The borough assembly acknowledged the life-giving watershed that feeds the Stikine River, which crosses the U.S.-Canada border, in approving a resolution to support efforts to protect Southeast Alaska’s three transboundary waters from mining pollution.
The resolution references the ecosystem, Indigenous people, communities, residents and economies that depend on the health of the Stikine River.
The assembly on Tuesday approved a “Wrangellized” version of a resolution that was originally scheduled for consideration Sept. 28.
“The assembly further calls on federal officials to work with Canadian counterparts to immediately address the multitude of regulatory and oversight deficiencies of the mining industry identified by the B.C. provincial government; and to take meaningful steps to protect the transboundary waters from further catastrophic impacts,” the resolution states.
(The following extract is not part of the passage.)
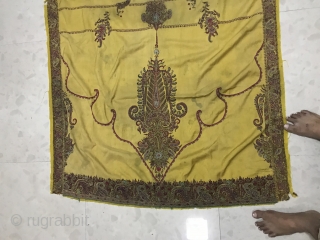 Antique Kerman embroidery with peacocks good condition.  It measures  5 feet’s long 3 feet’s wide.
                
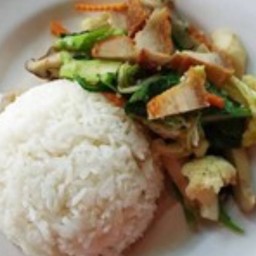 ข้าวราดผัดคะน้า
It further states that the assembly “supports an immediate, temporary pause in permitting, development and expansion of Canadian mines along shared Alaska-B.C. salmon rivers until a binding international agreement on watershed protections … is implemented.”
Representatives from the Southeast Alaska Indigenous Transboundary Commission and Salmon Beyond Borders had requested assembly action, along with support from other Southeast communities.
The assembly has passed three similar transboundary rivers’ support resolutions in recent years.
The issue is British Columbia mining activities at the headwaters of the Taku, Stikine and Unuk Rivers.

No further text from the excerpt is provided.